No período entre as mortes e o julgamento, John Landis filmou o vídeo de Thriller (1983), de Michael Jackson, um dos videoclipes mais importantes da história da música. Também rodou dois filmes inteiros: Um Romance Muito Perigoso (1985), com Jeff Goldblum e Michelle Pfeiffer, e Os Espiões Que Entraram Numa Fria (1985), com Chevy Chase e Dan Aykroyd. Duas comédias.
O que mudou
Apenas dois meses após a tragédia, a Directors Guild of America (DGA), sindicato que representa os diretores de Hollywood, criou seu comitê de segurança. Usando ideias de diretores, produtores, dublês, cinegrafistas e técnicos associados, o comitê publicou uma série de informes de segurança recomendando precauções para diversas situações perigosas em sets, incluindo tiroteios encenados, paraquedismo, explosivos, uso de animais, cenas de perseguição e trabalhos subaquáticos. De acordo com Harry Evans, secretário de assistência executiva do órgão, essas foram as primeiras diretrizes de segurança já emitidas formalmente em Hollywood.
O Screen Actors Guild (atualmente conhecido como SAG-AFTRA), sindicato que representa os atores, adicionou revisões e cláusulas aos seus contratos após o acidente.

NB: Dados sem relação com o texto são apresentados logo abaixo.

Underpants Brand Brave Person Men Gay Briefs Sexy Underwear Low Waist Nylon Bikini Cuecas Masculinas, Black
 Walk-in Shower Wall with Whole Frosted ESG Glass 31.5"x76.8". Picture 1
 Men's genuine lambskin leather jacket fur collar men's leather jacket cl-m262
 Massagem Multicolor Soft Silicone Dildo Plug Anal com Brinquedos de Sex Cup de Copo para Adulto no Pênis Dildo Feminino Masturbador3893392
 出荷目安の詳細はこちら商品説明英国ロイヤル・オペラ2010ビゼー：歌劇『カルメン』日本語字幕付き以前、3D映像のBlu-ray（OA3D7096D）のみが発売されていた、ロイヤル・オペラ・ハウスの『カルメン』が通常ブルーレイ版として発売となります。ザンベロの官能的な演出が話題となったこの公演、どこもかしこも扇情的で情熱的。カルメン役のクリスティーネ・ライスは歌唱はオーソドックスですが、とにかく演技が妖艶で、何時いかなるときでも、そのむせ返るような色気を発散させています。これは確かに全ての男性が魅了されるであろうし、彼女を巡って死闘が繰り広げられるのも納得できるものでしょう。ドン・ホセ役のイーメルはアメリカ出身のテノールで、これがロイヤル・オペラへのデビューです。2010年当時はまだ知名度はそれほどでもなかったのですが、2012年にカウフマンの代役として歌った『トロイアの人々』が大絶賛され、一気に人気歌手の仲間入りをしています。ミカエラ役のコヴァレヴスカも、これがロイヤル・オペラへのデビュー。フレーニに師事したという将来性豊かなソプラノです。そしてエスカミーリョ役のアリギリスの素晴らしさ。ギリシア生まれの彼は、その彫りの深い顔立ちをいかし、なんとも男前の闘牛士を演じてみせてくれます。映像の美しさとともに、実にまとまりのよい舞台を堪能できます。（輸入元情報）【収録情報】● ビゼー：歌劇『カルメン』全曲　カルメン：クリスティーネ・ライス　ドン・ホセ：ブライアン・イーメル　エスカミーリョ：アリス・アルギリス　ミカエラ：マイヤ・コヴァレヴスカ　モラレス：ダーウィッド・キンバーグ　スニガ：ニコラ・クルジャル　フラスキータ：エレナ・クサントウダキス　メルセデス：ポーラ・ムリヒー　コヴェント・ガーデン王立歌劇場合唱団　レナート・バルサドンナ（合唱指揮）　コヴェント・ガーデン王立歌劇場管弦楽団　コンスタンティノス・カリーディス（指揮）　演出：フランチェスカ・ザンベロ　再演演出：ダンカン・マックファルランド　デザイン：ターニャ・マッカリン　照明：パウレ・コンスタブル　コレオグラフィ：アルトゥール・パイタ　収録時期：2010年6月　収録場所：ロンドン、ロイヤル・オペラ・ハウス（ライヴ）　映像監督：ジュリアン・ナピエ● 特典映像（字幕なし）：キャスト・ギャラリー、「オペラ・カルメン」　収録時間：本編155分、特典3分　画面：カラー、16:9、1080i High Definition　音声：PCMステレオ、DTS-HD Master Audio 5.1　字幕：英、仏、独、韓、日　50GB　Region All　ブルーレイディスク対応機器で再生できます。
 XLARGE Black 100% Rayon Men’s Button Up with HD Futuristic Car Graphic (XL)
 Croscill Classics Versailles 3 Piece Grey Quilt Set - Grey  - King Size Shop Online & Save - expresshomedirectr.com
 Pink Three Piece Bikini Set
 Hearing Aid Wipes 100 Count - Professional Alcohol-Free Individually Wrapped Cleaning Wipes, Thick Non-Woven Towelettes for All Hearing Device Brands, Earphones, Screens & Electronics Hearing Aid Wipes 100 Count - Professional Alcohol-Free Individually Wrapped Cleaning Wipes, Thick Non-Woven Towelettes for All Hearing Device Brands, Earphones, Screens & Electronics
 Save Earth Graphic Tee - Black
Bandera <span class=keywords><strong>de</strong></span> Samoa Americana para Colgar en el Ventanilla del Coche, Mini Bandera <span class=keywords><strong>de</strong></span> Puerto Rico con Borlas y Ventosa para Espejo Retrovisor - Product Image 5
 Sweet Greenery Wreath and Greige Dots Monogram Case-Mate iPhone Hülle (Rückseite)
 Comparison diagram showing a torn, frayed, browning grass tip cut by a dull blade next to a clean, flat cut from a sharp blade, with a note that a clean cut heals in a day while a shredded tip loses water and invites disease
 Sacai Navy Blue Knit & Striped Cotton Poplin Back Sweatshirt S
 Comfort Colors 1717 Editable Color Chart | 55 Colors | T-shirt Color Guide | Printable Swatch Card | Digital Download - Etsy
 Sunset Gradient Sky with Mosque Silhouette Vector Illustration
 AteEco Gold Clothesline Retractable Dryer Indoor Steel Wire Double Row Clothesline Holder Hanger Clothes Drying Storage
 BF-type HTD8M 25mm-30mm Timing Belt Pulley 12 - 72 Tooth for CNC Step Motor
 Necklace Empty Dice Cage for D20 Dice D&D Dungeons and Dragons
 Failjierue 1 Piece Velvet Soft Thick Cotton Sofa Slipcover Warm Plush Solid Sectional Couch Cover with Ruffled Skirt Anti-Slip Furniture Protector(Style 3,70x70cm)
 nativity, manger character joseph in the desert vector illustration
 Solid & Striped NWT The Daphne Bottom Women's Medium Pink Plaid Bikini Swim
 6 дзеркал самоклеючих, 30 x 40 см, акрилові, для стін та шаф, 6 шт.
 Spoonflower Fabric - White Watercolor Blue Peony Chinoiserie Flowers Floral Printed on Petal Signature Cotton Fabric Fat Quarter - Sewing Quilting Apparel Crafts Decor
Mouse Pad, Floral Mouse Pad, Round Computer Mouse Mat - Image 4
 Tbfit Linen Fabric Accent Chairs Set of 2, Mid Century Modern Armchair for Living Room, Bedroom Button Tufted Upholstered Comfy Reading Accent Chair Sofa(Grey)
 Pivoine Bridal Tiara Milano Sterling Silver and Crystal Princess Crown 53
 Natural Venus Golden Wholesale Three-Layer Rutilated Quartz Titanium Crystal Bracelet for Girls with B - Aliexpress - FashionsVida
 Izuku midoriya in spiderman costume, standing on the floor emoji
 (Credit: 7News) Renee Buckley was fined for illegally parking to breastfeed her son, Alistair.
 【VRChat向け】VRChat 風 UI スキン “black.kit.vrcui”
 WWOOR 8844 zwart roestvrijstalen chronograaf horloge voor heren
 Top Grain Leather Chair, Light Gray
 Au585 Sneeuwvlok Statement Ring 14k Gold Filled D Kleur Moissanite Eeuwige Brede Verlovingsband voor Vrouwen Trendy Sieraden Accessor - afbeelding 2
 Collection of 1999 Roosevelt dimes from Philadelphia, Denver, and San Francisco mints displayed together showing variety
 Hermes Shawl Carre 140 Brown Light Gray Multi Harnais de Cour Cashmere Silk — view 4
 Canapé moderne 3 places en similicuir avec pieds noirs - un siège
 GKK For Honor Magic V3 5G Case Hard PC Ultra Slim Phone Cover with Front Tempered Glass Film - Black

Em 1987, após o final do julgamento, Mark Locher, porta-voz da entidade, expressou arrependimento pelo acidente e confirmou que as mudanças seriam aplicadas imediatamente. Os novos contratos do SAG agora estipulavam que os atores tinham o direito de se afastar de ambientes de trabalho inseguros e também podiam deixar projetos com preocupações de segurança sem sofrer penalidades.
A Administração Federal de Aviação (FAA) também atualizou suas regras para esclarecer que operações com helicópteros em sets cinematográficos de baixa altitude precisavam de certificado de isenção (“waiver”) adequado. As regras já existiam para aeronaves de asa fixa, mas foram estendidas a helicópteros.
Por fim, em 1987, o Departamento de Silvicultura e Proteção contra Incêndios da Califórnia criou o Programa de Segurança para Cinema e Entretenimento. O programa foi inspirado pelas três mortes, atribuídas em parte ao manuseio inadequado de pirotecnia durante as filmagens. Até hoje, esse programa continua a supervisionar e orientar o uso de pirotecnia em sets de filmagem e televisão.
John Landis, que continua trabalhando até hoje, compareceu ao velório de Vic Morrow. E fez um discurso: “A tragédia bate num instante. Mas o cinema é imortal”. Não foi aplaudido.